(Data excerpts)
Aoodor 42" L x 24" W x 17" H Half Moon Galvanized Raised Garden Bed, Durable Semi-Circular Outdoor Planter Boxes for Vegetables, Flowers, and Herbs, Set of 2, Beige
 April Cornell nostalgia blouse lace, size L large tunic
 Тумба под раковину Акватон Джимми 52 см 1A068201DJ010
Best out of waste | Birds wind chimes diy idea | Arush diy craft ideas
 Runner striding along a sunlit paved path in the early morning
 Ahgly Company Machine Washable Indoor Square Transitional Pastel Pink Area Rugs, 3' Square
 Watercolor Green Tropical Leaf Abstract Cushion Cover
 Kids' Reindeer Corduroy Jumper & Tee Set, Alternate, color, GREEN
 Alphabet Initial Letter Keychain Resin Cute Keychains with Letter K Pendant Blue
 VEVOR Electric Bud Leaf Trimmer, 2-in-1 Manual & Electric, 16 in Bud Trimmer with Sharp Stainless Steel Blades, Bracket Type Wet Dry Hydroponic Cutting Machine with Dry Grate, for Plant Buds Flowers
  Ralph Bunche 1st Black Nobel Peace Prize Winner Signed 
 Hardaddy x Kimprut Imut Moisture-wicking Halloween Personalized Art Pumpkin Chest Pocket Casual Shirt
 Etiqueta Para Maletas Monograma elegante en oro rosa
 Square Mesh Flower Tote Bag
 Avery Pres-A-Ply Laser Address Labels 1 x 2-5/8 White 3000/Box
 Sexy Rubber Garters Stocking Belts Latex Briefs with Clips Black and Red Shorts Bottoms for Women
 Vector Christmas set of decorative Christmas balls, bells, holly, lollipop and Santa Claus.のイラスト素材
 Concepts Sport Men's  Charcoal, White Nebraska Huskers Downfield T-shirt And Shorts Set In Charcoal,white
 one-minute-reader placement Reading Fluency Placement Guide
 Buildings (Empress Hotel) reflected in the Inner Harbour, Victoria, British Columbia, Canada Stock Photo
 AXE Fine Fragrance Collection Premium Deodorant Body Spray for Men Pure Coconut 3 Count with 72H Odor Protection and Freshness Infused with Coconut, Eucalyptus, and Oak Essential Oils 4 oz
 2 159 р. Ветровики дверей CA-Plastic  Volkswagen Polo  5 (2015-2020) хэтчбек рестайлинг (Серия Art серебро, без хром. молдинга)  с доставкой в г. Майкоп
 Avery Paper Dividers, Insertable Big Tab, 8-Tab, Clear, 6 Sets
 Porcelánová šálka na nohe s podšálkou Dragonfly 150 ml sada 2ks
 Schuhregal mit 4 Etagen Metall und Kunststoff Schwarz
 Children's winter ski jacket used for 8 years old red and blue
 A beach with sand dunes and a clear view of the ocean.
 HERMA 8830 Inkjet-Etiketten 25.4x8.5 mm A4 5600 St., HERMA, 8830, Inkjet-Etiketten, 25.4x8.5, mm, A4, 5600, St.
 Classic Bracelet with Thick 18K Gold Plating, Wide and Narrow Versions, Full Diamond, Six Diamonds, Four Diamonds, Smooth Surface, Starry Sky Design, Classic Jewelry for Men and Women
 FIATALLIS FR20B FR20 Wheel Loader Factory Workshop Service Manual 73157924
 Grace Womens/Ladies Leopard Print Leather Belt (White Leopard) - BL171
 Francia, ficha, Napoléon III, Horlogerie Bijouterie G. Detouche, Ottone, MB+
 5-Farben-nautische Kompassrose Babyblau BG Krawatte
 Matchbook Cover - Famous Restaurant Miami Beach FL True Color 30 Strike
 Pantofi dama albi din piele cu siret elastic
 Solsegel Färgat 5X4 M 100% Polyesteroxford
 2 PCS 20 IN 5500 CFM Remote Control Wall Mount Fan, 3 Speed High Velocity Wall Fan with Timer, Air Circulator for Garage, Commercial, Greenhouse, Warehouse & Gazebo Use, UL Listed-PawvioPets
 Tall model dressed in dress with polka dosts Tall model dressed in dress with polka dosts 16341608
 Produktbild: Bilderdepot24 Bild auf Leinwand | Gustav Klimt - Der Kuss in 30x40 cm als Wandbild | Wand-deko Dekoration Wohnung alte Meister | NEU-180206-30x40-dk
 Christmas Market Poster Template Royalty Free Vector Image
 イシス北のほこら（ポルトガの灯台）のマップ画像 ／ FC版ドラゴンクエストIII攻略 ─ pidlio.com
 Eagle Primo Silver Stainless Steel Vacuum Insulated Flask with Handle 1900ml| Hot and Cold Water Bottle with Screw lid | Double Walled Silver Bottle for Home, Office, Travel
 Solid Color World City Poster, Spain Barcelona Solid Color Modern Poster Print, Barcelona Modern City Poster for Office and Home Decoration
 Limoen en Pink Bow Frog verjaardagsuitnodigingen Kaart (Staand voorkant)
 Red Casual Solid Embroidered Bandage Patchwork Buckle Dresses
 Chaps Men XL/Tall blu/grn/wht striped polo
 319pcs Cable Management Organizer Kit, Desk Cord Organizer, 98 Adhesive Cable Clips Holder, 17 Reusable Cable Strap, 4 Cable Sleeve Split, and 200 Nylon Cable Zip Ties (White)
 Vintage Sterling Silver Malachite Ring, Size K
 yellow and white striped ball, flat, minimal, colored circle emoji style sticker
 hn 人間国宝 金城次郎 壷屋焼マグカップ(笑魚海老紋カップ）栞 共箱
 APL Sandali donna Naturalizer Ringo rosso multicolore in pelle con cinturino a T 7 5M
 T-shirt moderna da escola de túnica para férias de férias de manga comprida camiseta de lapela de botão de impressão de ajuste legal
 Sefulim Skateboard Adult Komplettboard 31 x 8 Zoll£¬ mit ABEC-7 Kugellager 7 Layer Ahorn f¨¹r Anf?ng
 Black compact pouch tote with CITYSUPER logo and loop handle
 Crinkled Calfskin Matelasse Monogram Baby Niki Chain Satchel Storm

Exercise prompt ▸
Copy the records above faithfully. Begin at their first line, end at the line containing "Sexy Rubber Garters", and include nothing else.

Solution for this task ▸
Aoodor 42" L x 24" W x 17" H Half Moon Galvanized Raised Garden Bed, Durable Semi-Circular Outdoor Planter Boxes for Vegetables, Flowers, and Herbs, Set of 2, Beige
 April Cornell nostalgia blouse lace, size L large tunic
 Тумба под раковину Акватон Джимми 52 см 1A068201DJ010
Best out of waste | Birds wind chimes diy idea | Arush diy craft ideas
 Runner striding along a sunlit paved path in the early morning
 Ahgly Company Machine Washable Indoor Square Transitional Pastel Pink Area Rugs, 3' Square
 Watercolor Green Tropical Leaf Abstract Cushion Cover
 Kids' Reindeer Corduroy Jumper & Tee Set, Alternate, color, GREEN
 Alphabet Initial Letter Keychain Resin Cute Keychains with Letter K Pendant Blue
 VEVOR Electric Bud Leaf Trimmer, 2-in-1 Manual & Electric, 16 in Bud Trimmer with Sharp Stainless Steel Blades, Bracket Type Wet Dry Hydroponic Cutting Machine with Dry Grate, for Plant Buds Flowers
  Ralph Bunche 1st Black Nobel Peace Prize Winner Signed 
 Hardaddy x Kimprut Imut Moisture-wicking Halloween Personalized Art Pumpkin Chest Pocket Casual Shirt
 Etiqueta Para Maletas Monograma elegante en oro rosa
 Square Mesh Flower Tote Bag
 Avery Pres-A-Ply Laser Address Labels 1 x 2-5/8 White 3000/Box
 Sexy Rubber Garters Stocking Belts Latex Briefs with Clips Black and Red Shorts Bottoms for Women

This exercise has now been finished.